Beyond learning a new language and education system, challenges outside the classroom hindered her students’ academic success, Love says. Lack of health insurance often lengthened the time a student was out sick. And children also missed class because of problems at home connected to their families’ immigration status.

To help address these broader issues, Love, who holds a master’s degree from Teachers College, decided to return to school. “I really liked working with people, and I was passionate about doing human rights work with immigrants and with women,” she says. “Law seemed like a great way to combine the two.”

During her first semester at Columbia Law School, Love helped a West African woman gain asylum through the Davis Polk & Wardwell Asylum Workshop, a Columbia pro bono project under the law firm's direction, and represented domestic violence victims with the Courtroom Advocates Project. She spent her first summer at the Immigration and Refugee Legal Services department of Catholic Charities, with support from Columbia’s Human Rights Internship Program. The next year she participated in the Immigration Defense Externship and was a member of the Columbia Human Rights Law Review.

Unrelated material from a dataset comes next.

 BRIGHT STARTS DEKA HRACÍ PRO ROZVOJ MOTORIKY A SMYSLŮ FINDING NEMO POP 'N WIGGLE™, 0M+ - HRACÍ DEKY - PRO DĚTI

After graduation, Love will use a Skadden Fellowship to assist immigrant victims of domestic violence in Massachusetts, where she and her husband live.

“Rural immigrant women in abusive situations face so many distinct obstacles,” she says, citing isolation, poor public transit, fewer cultural networks than in urban areas, and a lack of translation services.  

Love will work for Western Massachusetts Legal Services, providing comprehensive legal assistance and developing outreach programs for the area’s growing population of immigrants. After her two-year fellowship concludes, she intends to continue advocating for immigrant women in her community.